### PROBLEM DESCRIPTION:
Without the pictures, restate all of the data below word for word.

### SUPPLIED INFORMATION:
Content starts
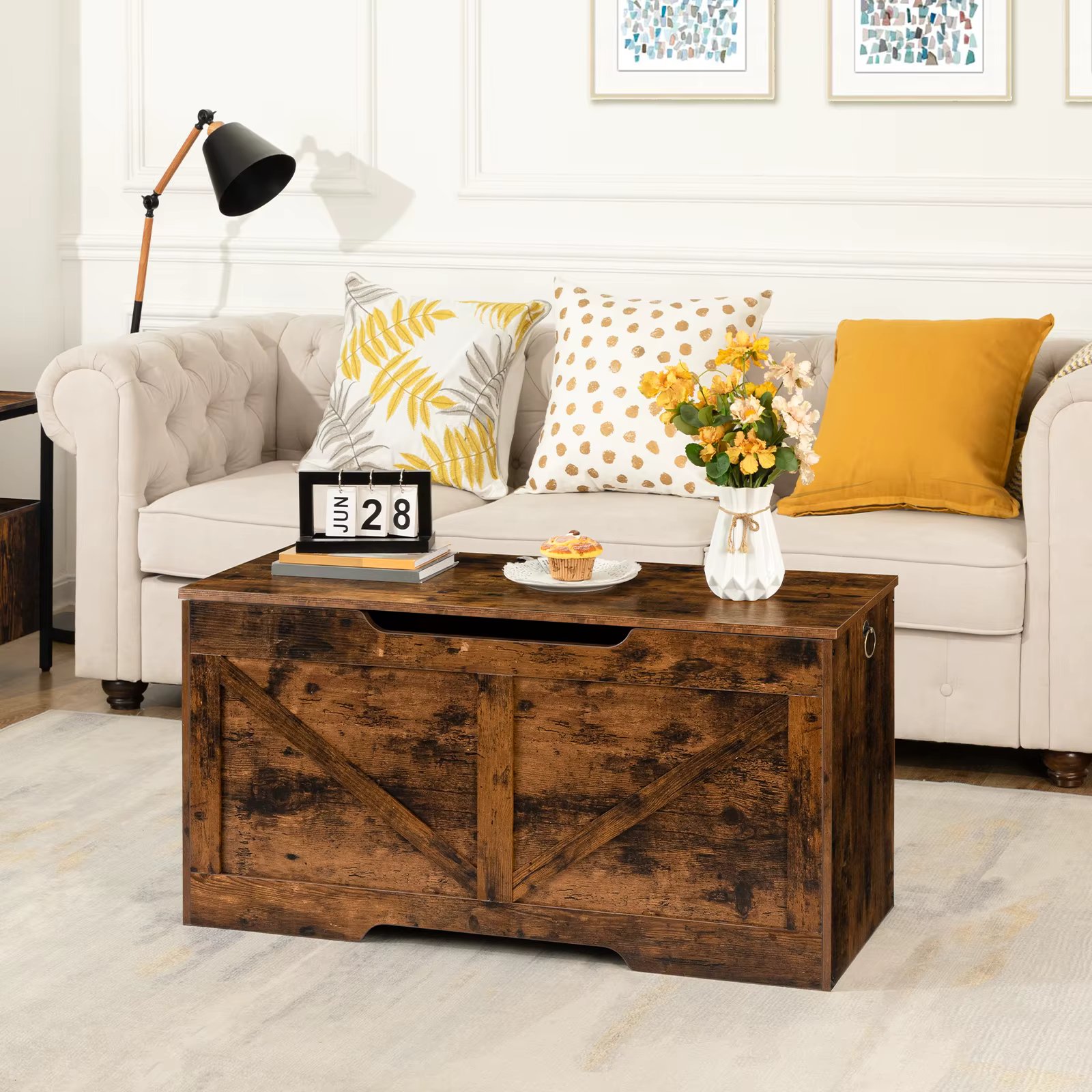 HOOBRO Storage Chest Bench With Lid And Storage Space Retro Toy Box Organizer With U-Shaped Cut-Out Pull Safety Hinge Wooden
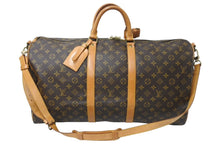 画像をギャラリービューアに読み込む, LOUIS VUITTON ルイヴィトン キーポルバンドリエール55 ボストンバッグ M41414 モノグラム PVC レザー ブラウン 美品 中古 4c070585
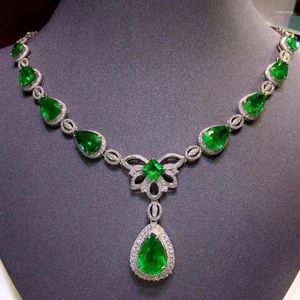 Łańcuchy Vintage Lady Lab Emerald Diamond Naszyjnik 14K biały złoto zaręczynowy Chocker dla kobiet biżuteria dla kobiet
Content ends
### ANSWER SPACE:
 HOOBRO Storage Chest Bench With Lid And Storage Space Retro Toy Box Organizer With U-Shaped Cut-Out Pull Safety Hinge Wooden
 画像をギャラリービューアに読み込む, LOUIS VUITTON ルイヴィトン キーポルバンドリエール55 ボストンバッグ M41414 モノグラム PVC レザー ブラウン 美品 中古 4c070585
 Łańcuchy Vintage Lady Lab Emerald Diamond Naszyjnik 14K biały złoto zaręczynowy Chocker dla kobiet biżuteria dla kobiet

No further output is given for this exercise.